Drink mullein tea. Mullein is a traditional remedy for respiratory ailments and is used to make expectorant cough syrups. Put 2 teaspoons dried mullein flowers into a cup of boiling water. Leave to steep for 10 minutes, then strain and drink. You can drink up to 3 cups a day.
Dried marshmallow root also contains mucilage, and has a soft, sweet flavour, making it a soothing drink for an irritated throat. Pour 250ml boiling water over 2-3 teaspoons dried marshmallow root. Allow to steep for 10 minutes, then strain before drinking.
For an acute attack of bronchitis, drink thyme tea to thin mucus secretions. Use 1 or 2 teaspoons per 250ml boiling water and add honey to taste. Drink 3 or 4 cups a day. Other herbs that can be combined with thyme or used as alternatives are elecampane, hyssop, plantain and angelica.
Breathe steam by taking a hot shower, or pour steaming-hot water into a bowl and leaning over it, draping a towel over your head.
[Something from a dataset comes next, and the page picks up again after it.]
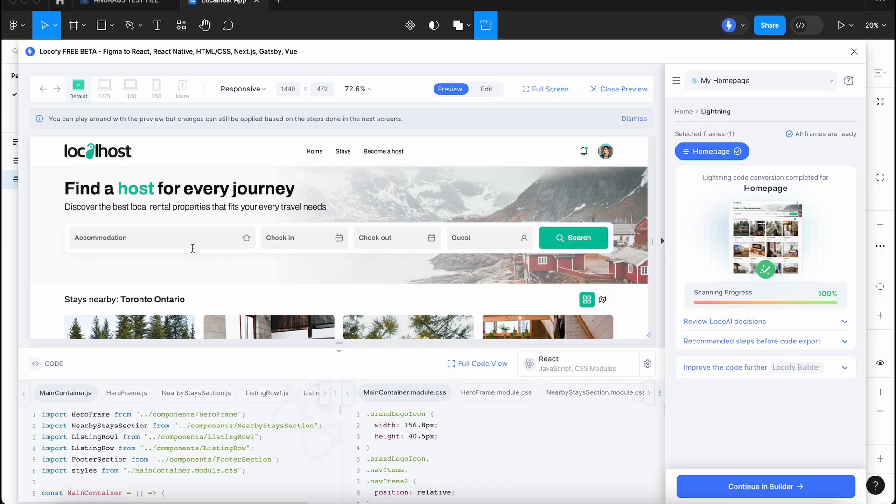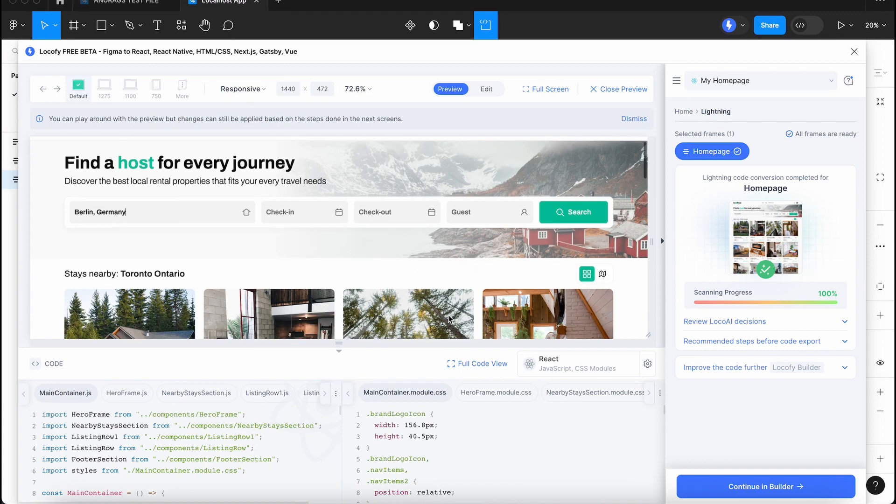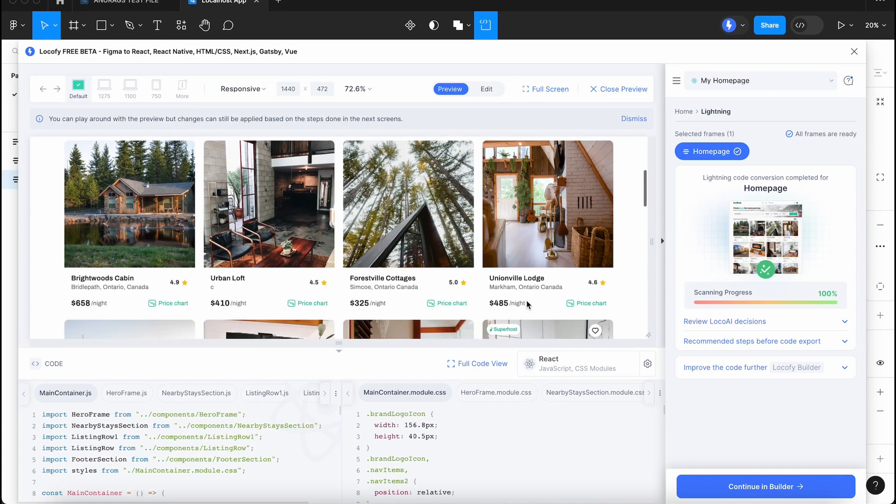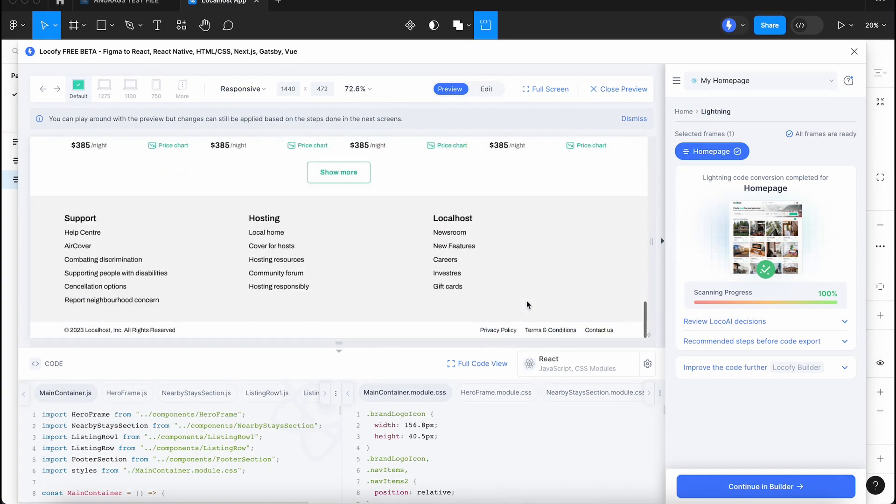Locify's tagging feature turns static layers from your designs into interactive functional elements like buttons, input fields, videos, iframes, and more.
If you use water from the kettle, wait for a minute or two before leaning over it, to avoid scalding your face. Inhaling the steam will help to loosen the secretions in your lungs. Many pharmacies sell a simple, cheap and safe steam inhaler–a 2-handled beaker with a face-mask attachment.
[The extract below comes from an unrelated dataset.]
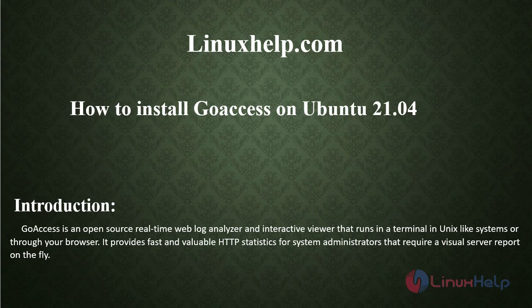Welcome to LinuxHelp platform. Today we will see how to install GoAccess on Ubuntu 21.04.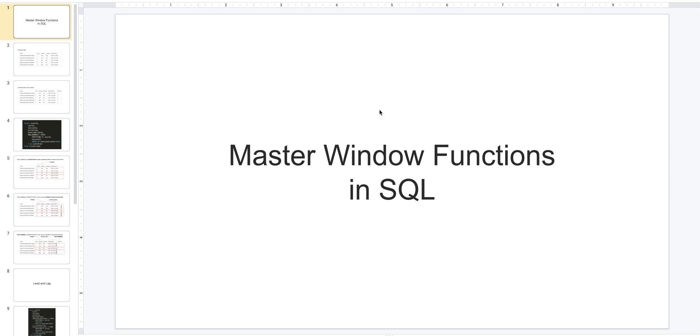Hey everyone, this is Joseph from StartDataEngineering.com. In this video I want to talk about a few techniques that you could use to master window functions in SQL. As always, if you'd like to follow along in the blog format, I'll leave the link in the description below.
To make the steam treatment even more effective, add a few drops of eucalyptus or pine oil to the water. Fresh-smelling eucalyptus helps to soften mucus in obstructed airways and also has some antibacterial properties into the bargain. Pine oil acts as an expectorant, so it will also help you to cough up phlegm from the bronchial tubes.
Run a humidifier in your bedroom when you sleep to moisten the air you breathe. Make sure you follow the manufacturer's directions for cleaning the humidifier as bacteria and mould can build up inside
N-acetylcysteine is a form of the amino acid cysteine and has been found to help thin and loosen mucus and reduce the recurrence of bronchitis. It is most often found as part of an amino acid complex in supplements sold by sports nutrition specialists. Look for amino acid formulas in health food shops or online. If you're treating short-lived bronchitis, continue taking N-acetylcysteine for a few weeks after the cough has cleared up.
Echinacea and astragalus will help you fight off bacteria and viruses, and are immune-boosting herbs. Take 200mg of either herb 4 times a day for acute bronchitis or twice a day for chronic bronchitis.
When you're coughing, it can be very tempting to take a cough suppressant. But if you have a wet, productive cough, you shouldn't try to suppress it because your lungs are expelling bad mucus. You could try an expectorant cough syrup instead. These claim to loosen mucus, so the coughing clears out your bronchial passages.
To prevent chronic bronchitis, the best advice is don't smoke. Second-hand smoke is just as bad, so avoid smoky venues, and ask friends who smoke to do so away from you.
If your job exposes you to lots of dust, fumes or pollutants, wear an efficient mask or respirator to filter the impurities from the air you breathe.
To reduce your risk of getting viral bronchitis, wash your hands regularly and keep them away from your face, especially when you've been near someone who has a cold.
Clean your nose and sinuses with a saline solution to help prevent allergens and infectious agents from getting into your lungs.
Vitamin C helps you to fight off respiratory viruses, and is more effective with supplementary flavonoids. Take up to 500mg of vitamin C and 250mg of flavonoids twice a day.
To drink or not to drink milk? One school of thought claims that milk stimulates the production of mucus in the upper and lower respiratory tract and in the intestines. But other authorities say that there is almost no evidence of any link between milk and mucus, and that people actually do more harm than good by cutting out milk because they prejudice their calcium intake.